Brink studied law in Mainz, Heidelberg, Dijon, and Paris. He received his doctorate under Hans Herbert von Arnim at the German University of Administrative Sciences Speyer.

==Career==
=== Rhineland-Palatinate ===
He worked for the state diet of Rhineland-Palatinate. (Note: Wissenschaftlicher Dienst des Landtags Rheinland-Pfalz) He later served as a judge at a court (Note: Verwaltungsgericht Koblenz) in Koblenz and as a research associate (Note: Wissenschaftlicher Mitarbeiter) at the Federal Constitutional Court. He then tenured as head of "private data protection" for the data protection officer of Rhineland-Palatinate, (Note: Leiter Privater Datenschutz beim Landesbeauftragten für den Datenschutz und die Informationsfreiheit in Rheinland-Pfalz) as well as deputy state commissioner for freedom of information in Rhineland-Palatinate. (Note: Stellvertretender Landesbeauftragter für die Informationsfreiheit Rheinland-Pfalz) He moved to Baden-Wurttemberg in 2008.

=== Baden-Wurttemberg ===
On the nomination of the Green Party, Brink was elected on 1 December 2016 by the state diet of Baden-Wurttemberg as data protection officer for Baden-Wurttemberg, (Note: Landesbeauftragter für den Datenschutz und die Informationsfreiheit Baden-Württemberg, i.e. state commissioner for data privacy and freedom of information for the state of Baden-Wurttemberg) receiving 108 of 125 votes.
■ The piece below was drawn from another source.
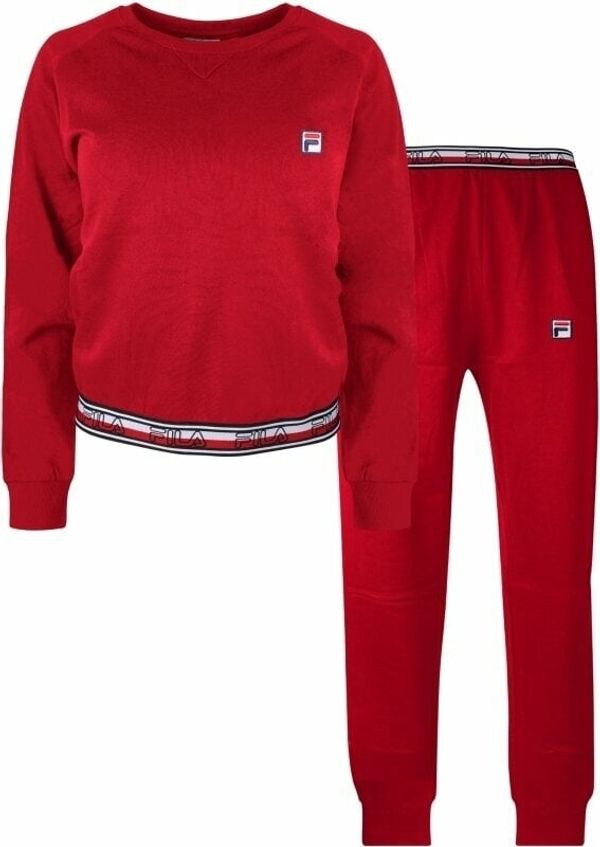 Fila Fila FPW4095 Woman Pyjamas Red L Aktivno spodnje perilo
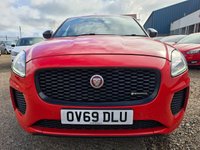 USED 2019 69 JAGUAR E-PACE 2.0 D150 Chequered Flag SUV 5dr Diesel Auto AWD Euro 6 (s/s) (150 ps) DAB+NAV+PANROOF+PHOTON+CLIMATE+LEATHER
He assumed office on 1 January 2017.

Brink described the Strache video of the Ibiza affair as a "criminal wrongdoing".

During the COVID-19 pandemic he imposed a fine of more than €1.2 million on the health insurance provider AOK Baden-Wurttemberg over a "lack of regular monitoring and adjustment".

On 30 September 2020, he prohibited the continued maintenance of a list of "conspicuous" and criminal refugees and ordered the deletion of the data collected.

He concluded his term at the end of 2022.

== Personal life ==
He is married and has three daughters.